Your school claims government funding for teaching you. They are obligated to ensure that you are attending to justify that funding and will have their own processes for tracking and recording. I've never heard of an "examination compliance meeting" that is presumably part of their process. Regardless of the dubious 'legally required' bit, the fact remains that they can withdraw your exam entries if you fail to comply with school rules (unlikely, but possible) so you should attend this meeting and sort this out.
Yes, it's legitimate. They need to make sure you're a real, active student and not a ''ghost'' so they can register you for exams. Now, stop being stubborn and just go to the meeting because you don't want to be bunking so much in order to study only to find out you've been withdrawn from all your exams due to non-attendance.
Reply 6
Original post by gdunne42
Your school claims government funding for teaching you. They are obligated to ensure that you are attending to justify that funding and will have their own processes for tracking and recording. I've never heard of an "examination compliance meeting" that is presumably part of their process. Regardless of the dubious 'legally required' bit, the fact remains that they can withdraw your exam entries if you fail to comply with school rules (unlikely, but possible) so you should attend this meeting and sort this out.


Thanks for your reply. First of all it is a private school and all fees (including examination fees) have been paid in advance. As well as this, myself, among the others that have opted to revise at home have predicted A-levels that either meet or surpass their firmed university option.
Yeah it's all a big conspiracy to 'get you!

*sigh* just to school ffs kid, unless you want to opt out of all the exams :tongue:
(edited 11 months ago)
Reply 8
Original post by quagmiretoilet
Thanks for your reply. First of all it is a private school and all fees (including examination fees) have been paid in advance. As well as this, myself, among the others that have opted to revise at home have predicted A-levels that either meet or surpass their firmed university option.

Then that's a different situation in that you (/your parents) are a paying customer in dispute with your service supplier. Why they have taken this approach I cannot guess but there is a clear implication that your exam entries are in doubt unless you attend this meeting. Regardless of who has paid the fees, the exam entry has been done through the school and can be withdrawn by them. You can either comply with the requirement to attend and discuss the situation or get your parents to argue the case with the school head teacher.
Reply 9
Original post by gdunne42
Then that's a different situation in that you (/your parents) are a paying customer in dispute with your service supplier.
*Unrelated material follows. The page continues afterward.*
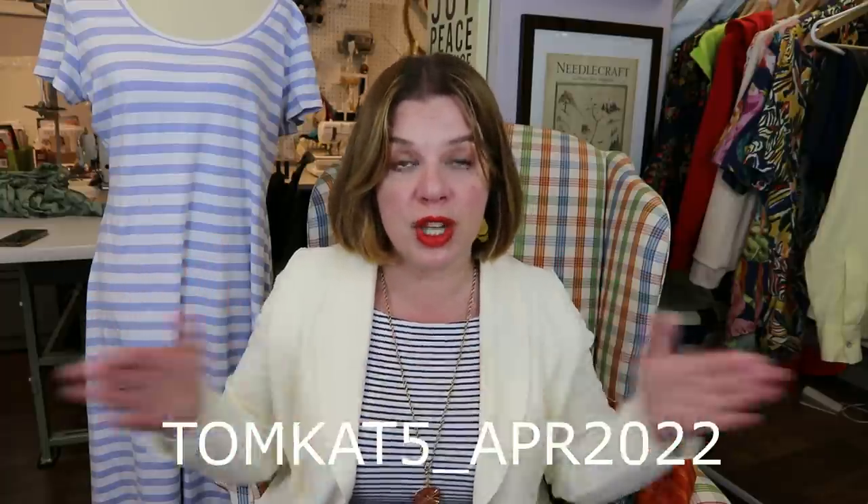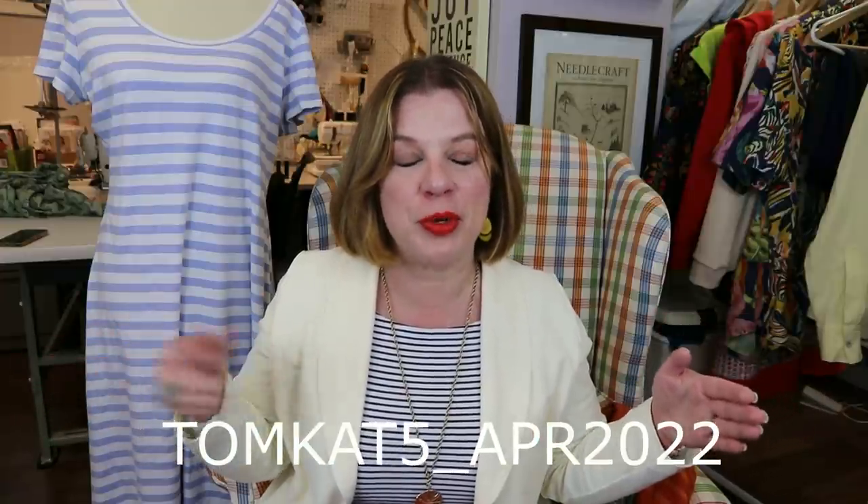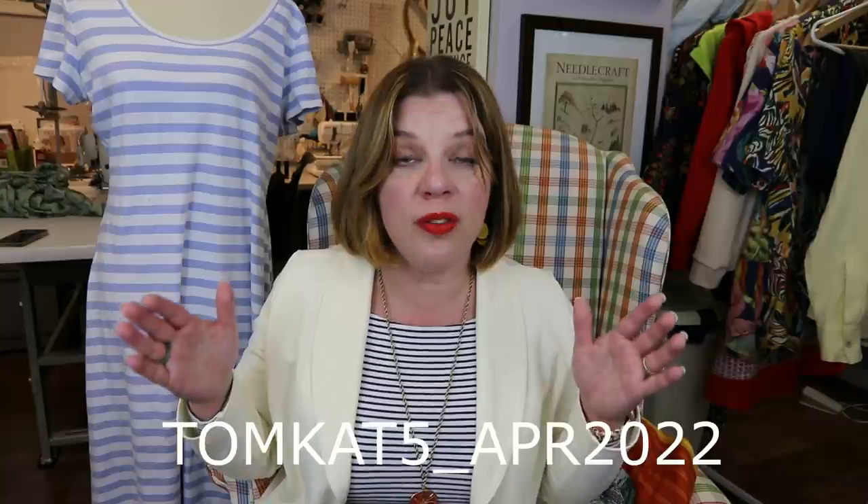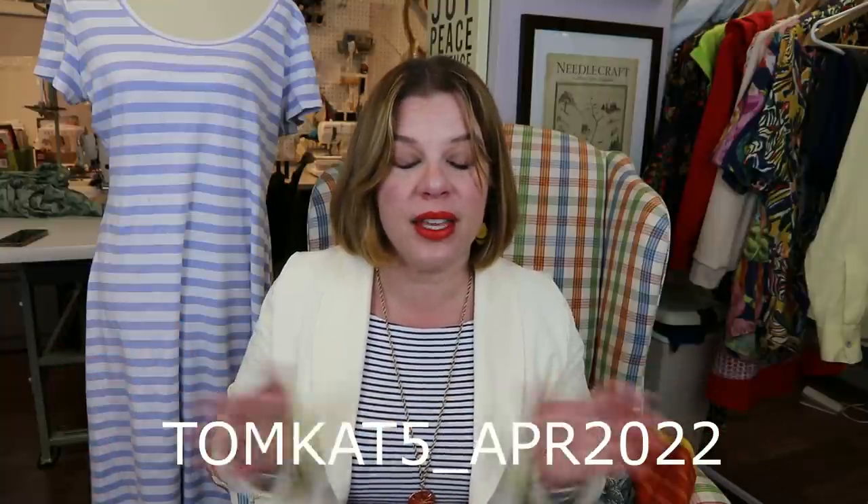This month, I know this is coming to you on the 27th, but if you use this code before the end of the month — so you have until midnight on the 30th, which is Saturday — you can get $5 off your first Distashify order. It's good for the first 25 people who use it, and you have to be a first-time customer. I'll put the code in the description box as well.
Why they have taken this approach I cannot guess but there is a clear implication that your exam entries are in doubt unless you attend this meeting. Regardless of who has paid the fees, the exam entry has been done through the school and can be withdrawn by them. You can either comply with the requirement to attend and discuss the situation or get your parents to argue the case with the school head teacher.


You can't withdraw OCR A-level applications and Edexcel has a deadline and extreme late fee deadline that passed a while ago.
Reply 10
Original post by quagmiretoilet
You can't withdraw OCR A-level applications and Edexcel has a deadline and extreme late fee deadline that passed a while ago.


Do you have a definitive source for that information? Obviously it's up to you if you want to battle with your school on this issue but I have worked in exams administration and, while you can't get any kind of fee refund, Edexcel candidates can definitely be withdrawn after the late fee deadline. It often needed to be done if a candidate could not complete a course and the centre does not want them to be selected for moderation of centre assessed NEAs.